Favorites like bagels and lox, blintzes and matzo ball soup are on the menu, along with desserts like babka.
The cafe is the sit-down dining location of Russ & Daughters, the legendary 108-year-old shop on East Houston Street known for appetizing, Jewish comfort food brought over by Eastern European immigrants in the 1800s.
“We’re all about just keeping these classic New York foods alive,” said Niki Russ Federman, the fourth-generation co-owner of Russ & Daughters along with cousin Josh Russ Tupper.
It was their great-grandfather Joel Russ who first opened the shop in 1914, after spending seven years selling herring from a barrel and pushcart.
A century later, Niki and Josh opened the cafe, but made the tough decision to shut down in March 2020.
“I don’t want to be the generation that kills Russ & Daughters so we had to find a way, and we talk the sort of unusual approach to play the long game and not reopen until it really felt like it was the right time,” Russ Federman said.

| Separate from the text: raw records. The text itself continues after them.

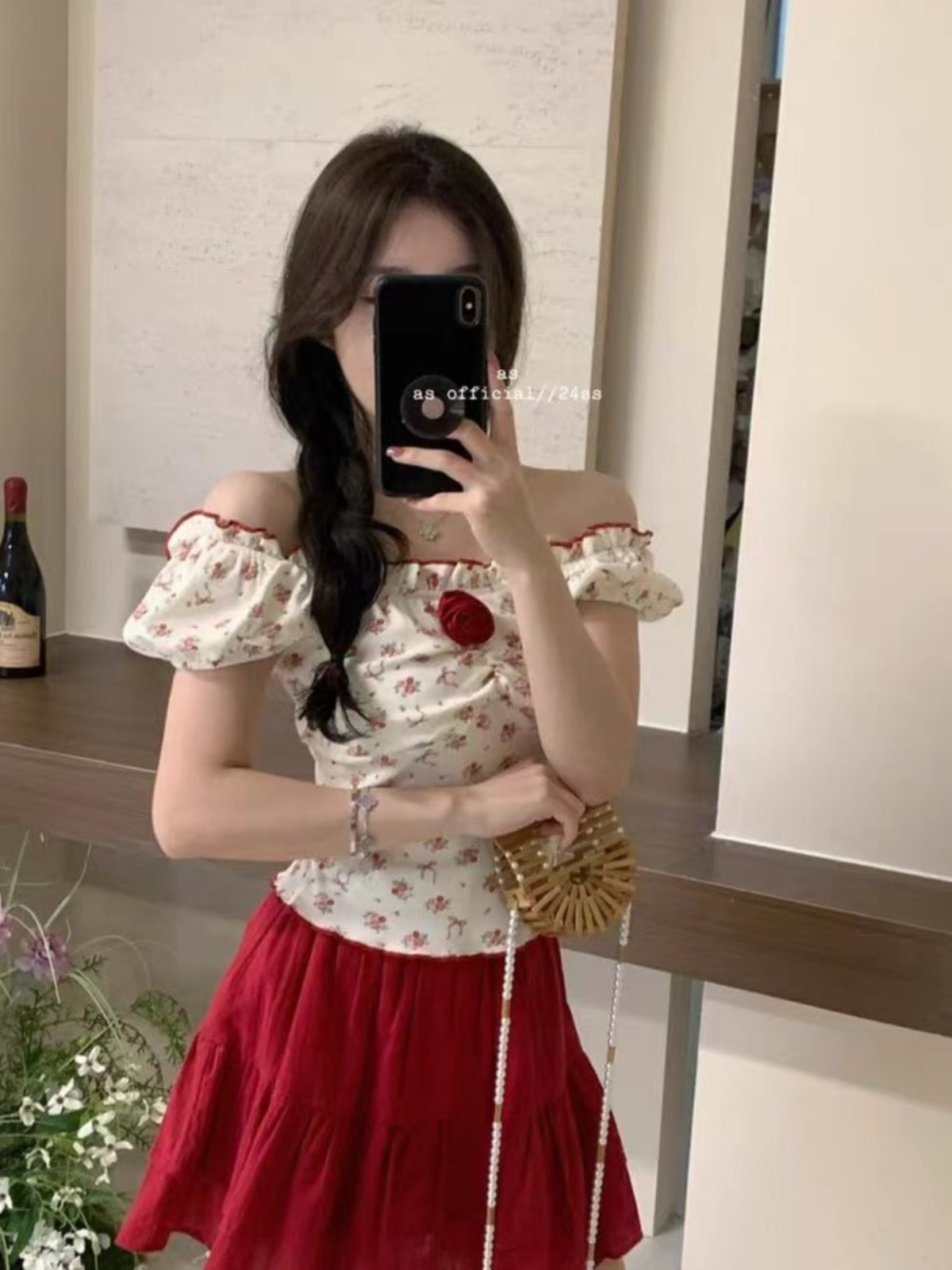 Roses earwood edge short-sleeve floral red T-shirt for women, short style, unique and exquisite one-shoulder top, high-end and sexy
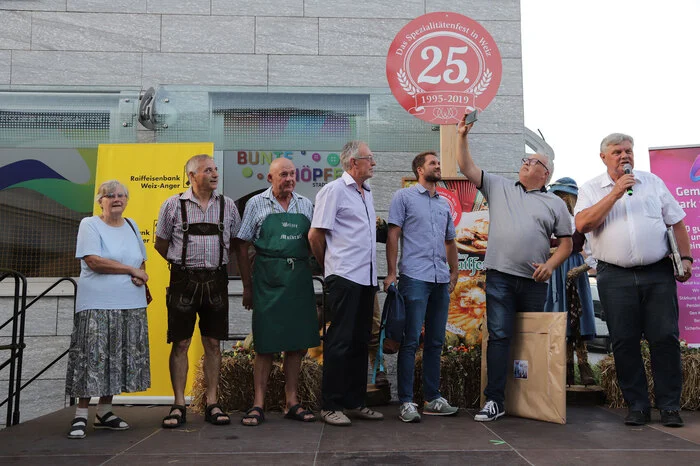 Seit 17 Jahre organisieren die Weizer auch ein Mulbratlfest in Bludenz, Vorarlberg. Zum 25. Jubiläum des Weizer Mulbratlfesten besuchte auch eine Abordnung aus Bludenz, unter der Leitung von Bürgermeister Josef Katzenmayer, das Weizer Fest.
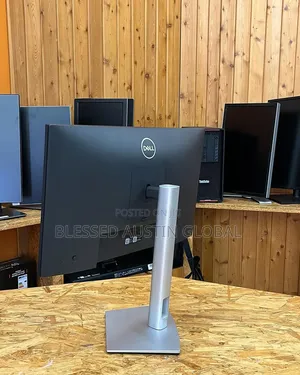 24 Inches Dell Frameless Ips Monitor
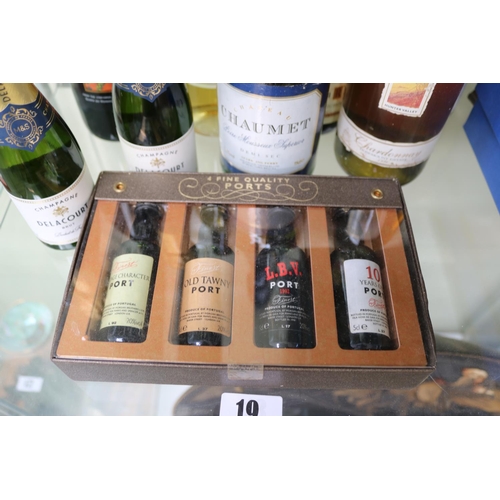 19 - Collection of assorted Wines and a cased set of Fine Quality Ports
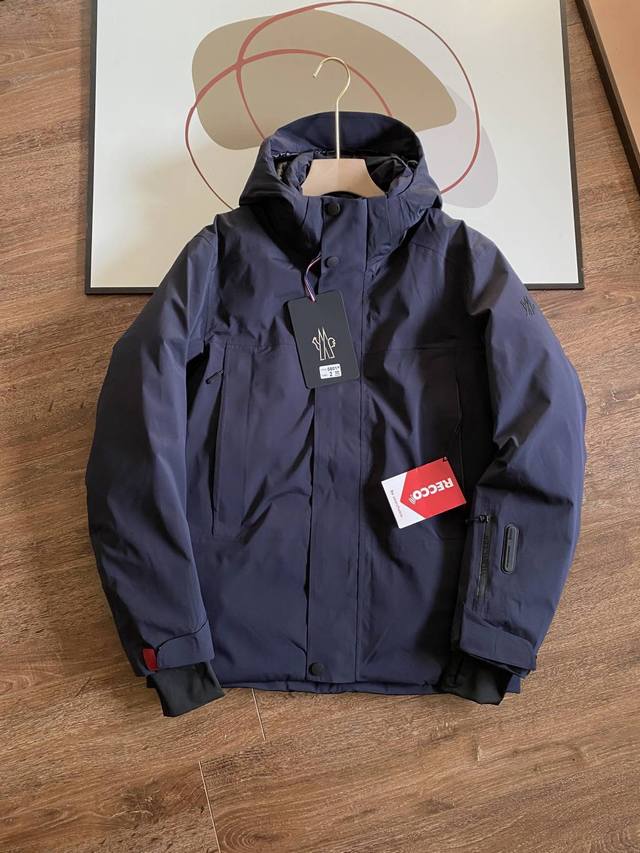 报单款号10292。 御寒首屈一指 米兰首秀 冬季新品男女同款连帽滑雪羽绒服，时装周的大秀款！蒙口滑雪系列功能性时尚羽绒服，主打时尚户外滑雪风格，在基础上利用简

The family was able to sustain the business through their nationwide shipping operation, their Brooklyn Navy Yard location and a supportive landlord on Orchard Street.
She says it didn’t take long for word to get out that they were back in business at the cafe.
“It almost feels like, there’s this very joyous feeling here, and I think it’s partly because Russ & Daughters is so much of a symbol or an institution in New York,” Russ Federman said. “To be open again is kind of almost like saying the worst is over, you know. We made it through even though as a city we are still dealing with it, but we will get through.”